Initial tests for avian influenza were negative. Tests were being
conducted by the U.S. Geological Survey’s National Wildlife Health
Center in Wisconsin, and the USDA’s Veterinary Services Laboratory
in Iowa.

“Those are the things we look for at this time of year,” she
said, adding that the symptoms are consistent with a few different
diseases. Further, she said, the die-offs at the two sites might
not be from the same cause.

However, Jeff DiMatteo, a pelican researcher, said staff saw the
same thing happen at both lakes.

“We saw dead and dying adult cormorants, with the live ones
unable to hold their heads up” at Pigeon Lake, he said in a press
statement.

Carstensen said many of the birds appeared emaciated and
exhibited labored breathing. The birds at Minnesota Lake included
sick and dying birds. Whatever was killing them appeared to be in
the earlier stages than at Pigeon Lake, where biologists found “old
carcasses, which would suggest that it has been going on at least a
couple of weeks,” DiMatteo said.

DNR Wildlife Chief Dennis Simon called the two die-off sites
“classic cormorant colonial nesting sites.” Officials are checking
at other locations in the state where the species nests, including
the Lac qui Parle area.

Meanwhile, officials are cleaning up at the current die-off
locations. In some cases, bird carcasses have been incinerated; in
others, the carcasses are double-bagged and buried at
landfills.

Besides working with federal officials, the DNR also is
coordinating with the state Board of Animal Health, which has
warned domestic poultry producers to monitor their livestock.

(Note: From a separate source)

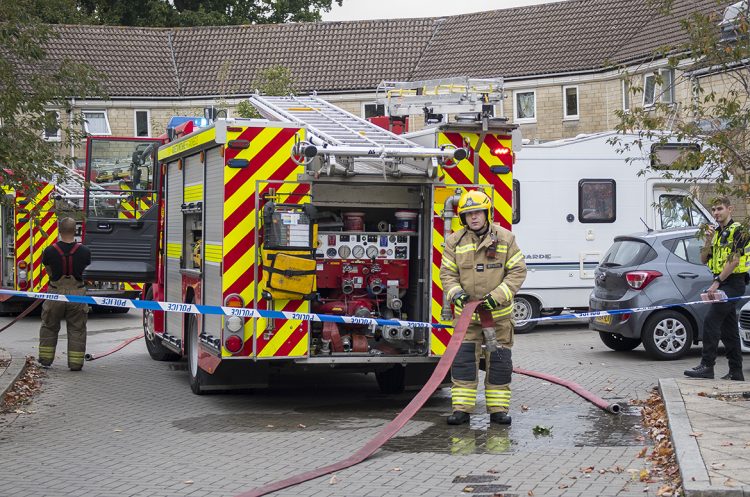 Man arrested on suspicion of arson with intent following fire at Chippenham flat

“…state animal health officials remind farmers to practice sound
biosecurity, including monitoring their poultry flocks for signs of
illness and taking steps to prevent wild birds from having contact
with their domestic birds.”

Cleanup of dead birds and proper disposal is the state’s best
chance to reduce the threat of disease, officials say.

According to the state DNR, there are about 39 nesting colonies
of double-crested cormorants in Minnesota, 87 percent of which
occur along with other colonial nesting birds. Most nests have been
used since the 1960s and ’70s.

Lori Naumann, DNR nongame wildlife information officer, said
most cormorant colonies include from 300 to 600 nesting pairs. Two
of the larger established cormorant colonies are located at Marsh
Lake (Lac qui Parle) and on Lake of the Woods islands.